30. North Koreans who successfully defect to South Korea are given $10,000-$28,000 in start up money. In the US, Mexicans who cross the border get shitty jobs picking tomatoes and are blamed for the collapse of the US economy, crime and a number of other problems.
31. In the US, if there is a sale advertised, it usually looks like this “20%-40% off.” In Korea, it looks like “40%-20% off.” It seems weird, but it might make sense. Seeing the bigger number first might suck people in more. I believe a study needs to be done on this if it has not already.
32. A lot of gas stations look like this. Notice anything weird (hard to tell, shitty picture)? Well, there are no pumps, just an overhead thingie.
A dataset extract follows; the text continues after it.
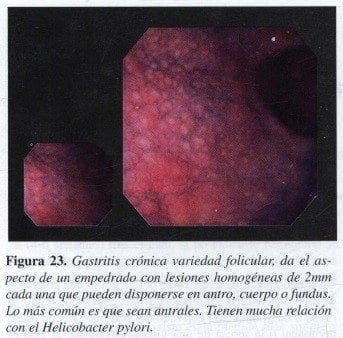 Gastritis Crónica variedad Folicular Gastritis Crónica variedad Folicular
This is a huge space saver and also let’s people not have to worry about what side of the car their gas tank is on. Genius idea.
33. Cabs are cheap as hell, probably 1/3rd of the price of a NYC taxicab. It’s awesome.
34. Traffic on the highways around Seoul is horrific, worse than NY, better than LA though (I think).
35. The vast majority of tennis courts are a clay/dirt. They also keep a chalk line maker there and some places even keep a bunch of balls too, but of course, none of them get stolen. Confucius?
36. Subways have vending machines, a digital map so you can see the overview/Google maps type view of the surrounding area to locate parks, restaurants, hospitals, etc. It’s awesome. There are also flat screen tv’s in a number of train stations showing commercials, news, etc.
37. Despite the constant references to him, Confucius is not from Korea, he’s from China, but the influence of his teachings reached Korea and I’m glad it did.